Die Karte von Matthäus Merian, dem Älteren, von 1645
Etwa so ist die Ansicht vom Meer her: links die Nikolaikirche, in der Mitte die Marienkirche, halbrechts St. Georgen und ganz außen die Türme der Stadttore, die es so heute nicht mehr gibt. (Zeichnung: Matthäus Merian senior, 1645, Quelle wikipedia, gemeinfrei)

Es gibt zwei Möglichkeiten sich der Stadt zu nähern: Mit dem Boot legt man am Hafen an und geht bergauf bis zu den roten Kirchen und ist im Zentrum, das man um die beiden Kirchen oben auf dem Berg angelegt hat oder man fährt mit dem Auto in die alte Innenstadt, parkt in der Garage „Fürstenhof“ und nähert sich der Stadt bergab, Richtung alter Hafen. Beides hat seinen Reiz. Die meisten Erstbesucher werden aber mit dem Auto über die A 20 kommen und sehen von Lübeck kommend, etwa ein paar Minuten hinter der Abfahrt Bobitz, die Skyline der Stadt mit dem Turm der Marienkirche, der wichtigsten Land- und Seemarke seit Jahrhunderten bis heute. Von den Landstraßen B 104 oder B105 hat man diesen Anblick leider nicht. Die Wismarer Skyline besteht eigentlich aus drei Großkirchen: die Nikolaikirche ganz links, nach dem Schutzpatron der Fischer und Seefahrer benannt, in der Mitte der Turm der Marienkirche (82,5 m), das Seezeichen Wismars und rechts das riesige Gebäude der Kirche St. Georgen (Jürgen). Auch auf der Merian-Darstellung sieht man, daß die Nikolaikirche etwas Besonderes ist; nach der Lübecker Marienkirche war sie lange Zeit die zweithöchste Kirche der Welt (Turmhöhe ca. 120 m, Innenraumhöhe ca. 37 m) und in Bezug auf Backsteinkirche ist sie es heute noch. - Seitenanfang

Ansicht vom alten Hafen Wismar nach Südwesten
Die meisten werden nicht diesen Blick haben, wenn sie nach Wismar kommen, aber die Hansefahrer hatten ihn im Prinzip so. Abends wurde er zu schwedischen Zeiten vom „Baumhaus“ sogar mit einem an der Kette liegenden Baumstamm abgeschlossen.

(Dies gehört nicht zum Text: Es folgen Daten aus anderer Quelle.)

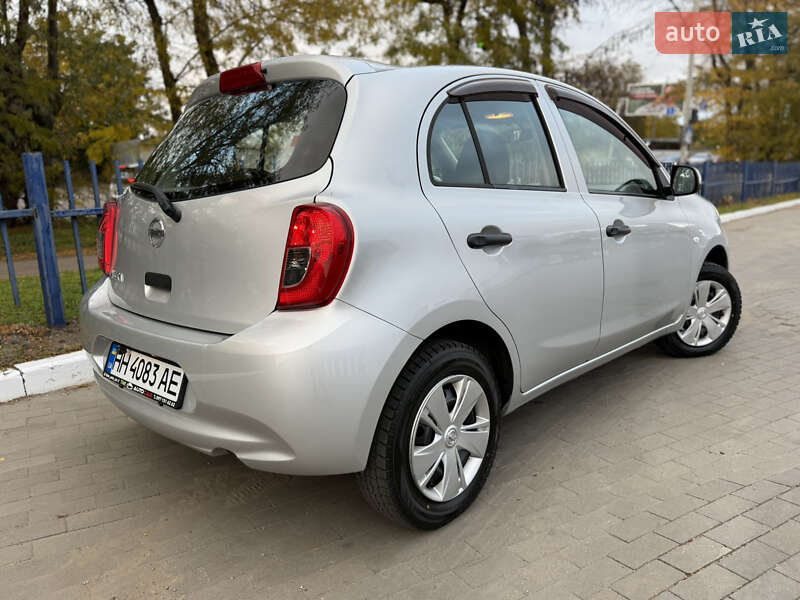 Хэтчбек Nissan Micra 2015 в Одессе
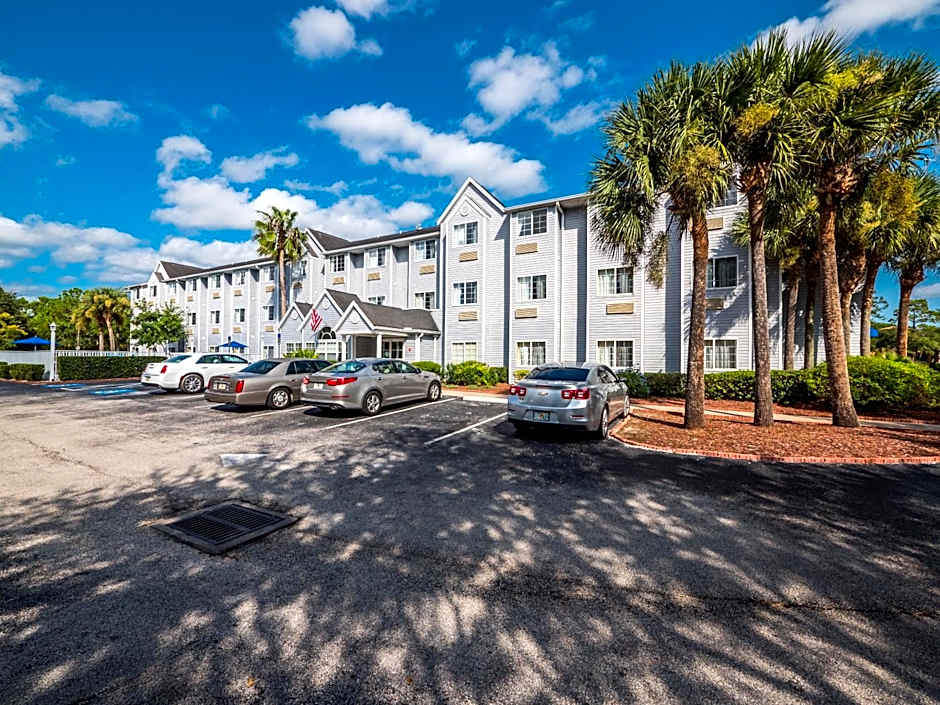 Microtel Inn & Suites By Wyndham Palm Coast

Aus Wismar kommen Geschäftsleute wie Rudolph Karstadt, der 1881 seine gleichnamige Warenhauskette mit dem ersten Laden in der Krämerstraße eröffnete, den es noch heute gibt,aber auch Schlitzohren wie Wilhelm Vogt, der 1906 drei Monate in Wismar lebte, bevor er als „Hauptmann von Köpenick“ das Köpenicker Rathaus besetzte  und damit weltberühmt wurde. Klaus Störtebeker soll aus Wismar  kommen (angeblich gebürtig auf der Wismar vorgelagerten Insel Poel 1) und daß die Wismarer wegen ihrer Aufsässigkeit (neudeutsch „Kreativität“) aus der Hanse flogen, weil sie dem Störtebeker erlaubt hatten, nicht nur die dänischen Schiffe zu kapern, sondern auch die der Hamburger, gilt unter Historikern als unumstritten und spricht für eine gewisse Schlitzohrigkeit, die die Stadt offenbar auszeichnet.  Freundlich und kommunikativ sind sie wohl nicht („Pommes ohne rotes Salz? Ham' wa nicht. Geh'n se doch woanners hin!"), aber damit sind sie nicht schlecht gefahren. Die Stadt hat bis heute zwei Seiten: einmal den eher verschlossenen norddeitschen Muffelkopf, aber auch die Lebendigkeit der Touristenstadt, die sich in der Innenstadt zeigt. Es gibt etliche stark frequentiertte Straßen, die vom auf dem Kirchenberg gelegenen Marktplatz bergauf Richtung Hafen verlaufen. Die „Hegede“ ist vielleicht die vollste von ihnen, aber nicht die einzige.
1)  Da hat sich nun (März 2015) ein gebürtiger Poeler gemeldet und abgestritten daß der Störetebeker Klaus etwas mit der Insel zu tun habe. Das habe ich auch so nicht gesagt, aber es gibt ein paar Hinweise darauf. Ich schließe es mal nicht aus, daß er aus Poel kommt und die Poeler werden gebeten, ein bißchen Nachsicht mit mir zu haben. Er sei von hier gegrüßt und für den Hinweis bedankt - vielleicht meldet er sich noch einmal (blöde automatische Löschfunktion....)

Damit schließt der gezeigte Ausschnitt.